Tues 9/23  - My time here is quickly drawing to a close. Last night I visited Daniel; he and Sarah are under much spiritual attack and discouraged. Sarah is still in the US. I’ll be sad if when I move here next year I find that they’re gone. I visited with Nanna this morning about the “old” clinic, training, enemy’s distractions and Christ’s strength, compost, gardening and baking bread. I talked to Guido about cows, sheep, manure for gardening, and his unending optimism based on His trust in the Lord and His faithfulness.

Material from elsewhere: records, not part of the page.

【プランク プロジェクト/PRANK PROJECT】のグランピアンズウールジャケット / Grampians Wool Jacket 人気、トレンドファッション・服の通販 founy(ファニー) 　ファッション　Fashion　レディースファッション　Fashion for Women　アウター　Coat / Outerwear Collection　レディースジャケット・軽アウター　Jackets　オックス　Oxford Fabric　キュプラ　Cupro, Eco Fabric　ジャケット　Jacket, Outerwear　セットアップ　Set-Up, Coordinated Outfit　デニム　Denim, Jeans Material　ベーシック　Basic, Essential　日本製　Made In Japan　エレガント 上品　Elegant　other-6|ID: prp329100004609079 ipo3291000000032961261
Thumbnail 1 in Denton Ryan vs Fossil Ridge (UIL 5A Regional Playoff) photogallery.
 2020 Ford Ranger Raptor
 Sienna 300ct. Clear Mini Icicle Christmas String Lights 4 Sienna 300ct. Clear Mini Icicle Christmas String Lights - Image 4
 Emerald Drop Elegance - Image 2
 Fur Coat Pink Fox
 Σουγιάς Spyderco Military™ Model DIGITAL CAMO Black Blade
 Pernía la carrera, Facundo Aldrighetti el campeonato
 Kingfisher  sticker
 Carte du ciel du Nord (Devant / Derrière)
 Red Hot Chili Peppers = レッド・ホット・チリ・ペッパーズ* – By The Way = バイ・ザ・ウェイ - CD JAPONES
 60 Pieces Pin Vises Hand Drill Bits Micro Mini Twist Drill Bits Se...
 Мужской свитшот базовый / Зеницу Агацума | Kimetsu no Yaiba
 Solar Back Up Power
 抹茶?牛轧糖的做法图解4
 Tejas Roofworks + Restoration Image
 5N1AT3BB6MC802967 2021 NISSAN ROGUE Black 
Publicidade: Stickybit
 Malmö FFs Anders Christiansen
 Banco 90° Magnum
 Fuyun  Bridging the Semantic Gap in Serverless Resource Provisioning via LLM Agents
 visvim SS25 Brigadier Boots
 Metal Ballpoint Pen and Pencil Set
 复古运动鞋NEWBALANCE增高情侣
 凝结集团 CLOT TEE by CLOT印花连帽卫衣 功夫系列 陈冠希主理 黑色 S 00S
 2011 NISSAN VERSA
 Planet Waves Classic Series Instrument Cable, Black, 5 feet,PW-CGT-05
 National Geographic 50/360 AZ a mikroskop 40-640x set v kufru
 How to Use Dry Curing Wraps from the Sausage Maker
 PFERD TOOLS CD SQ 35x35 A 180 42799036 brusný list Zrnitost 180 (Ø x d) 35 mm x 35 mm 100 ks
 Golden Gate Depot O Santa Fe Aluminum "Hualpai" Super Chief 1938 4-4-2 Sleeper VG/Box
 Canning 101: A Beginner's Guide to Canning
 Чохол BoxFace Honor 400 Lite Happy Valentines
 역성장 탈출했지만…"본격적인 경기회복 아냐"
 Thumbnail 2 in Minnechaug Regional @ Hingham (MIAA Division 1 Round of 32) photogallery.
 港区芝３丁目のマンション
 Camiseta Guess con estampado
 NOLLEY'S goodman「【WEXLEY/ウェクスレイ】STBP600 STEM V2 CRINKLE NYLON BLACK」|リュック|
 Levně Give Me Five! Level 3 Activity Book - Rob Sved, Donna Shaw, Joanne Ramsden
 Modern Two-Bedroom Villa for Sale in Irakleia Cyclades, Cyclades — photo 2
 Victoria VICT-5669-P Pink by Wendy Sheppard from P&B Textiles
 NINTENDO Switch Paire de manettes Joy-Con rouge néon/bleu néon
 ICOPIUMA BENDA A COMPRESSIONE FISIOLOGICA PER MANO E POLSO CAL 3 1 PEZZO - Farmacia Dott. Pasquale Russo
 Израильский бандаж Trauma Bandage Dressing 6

Ecclesiastes 4:6 “Better is a handful of quietness than both the hands filled with labor and striving after the wind.” “The Hebrew word for better is tov, which means to be in harmony with God. The word for quietness is nachath, which means quietness. It is spelled Nun, Chet, Taw. The Nun represents productivity, which comes from the Chet, a bonding with God and a joining of our hearts with God’s heart. This will result in the Taw which speaks of truth and praise resulting in repair and restoration. In quietness we produce more than all our labors could produce in terms of our relationship with God.” Taken from Chaim Bentorah’s Hebrew Word Study: A Hebrew Teacher’s Call to Silence.